- **Work order**: Only certain lines below are wanted: those starting at the line containing "2022 Volkswagen Passat 2.0T SE" and ending at the line containing "Rareș Bogdan, atacuri", both included, each retyped exactly.

Start of Input

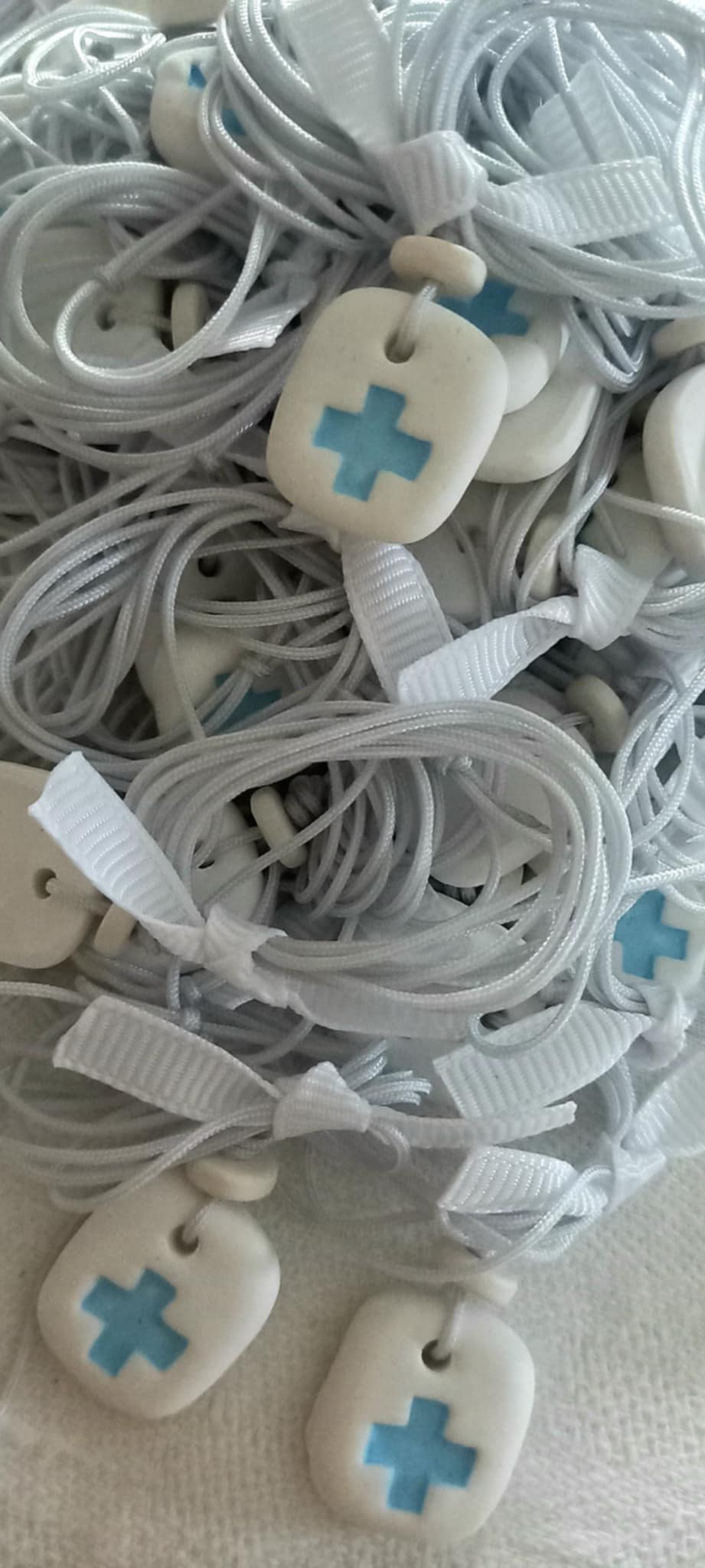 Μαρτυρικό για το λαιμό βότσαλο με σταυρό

End of Input
Start of Input

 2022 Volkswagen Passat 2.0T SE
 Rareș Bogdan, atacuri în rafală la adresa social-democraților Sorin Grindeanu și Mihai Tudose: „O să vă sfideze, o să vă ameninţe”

End of Input

- **Result of the exercise**:
 2022 Volkswagen Passat 2.0T SE
 Rareș Bogdan, atacuri în rafală la adresa social-democraților Sorin Grindeanu și Mihai Tudose: „O să vă sfideze, o să vă ameninţe”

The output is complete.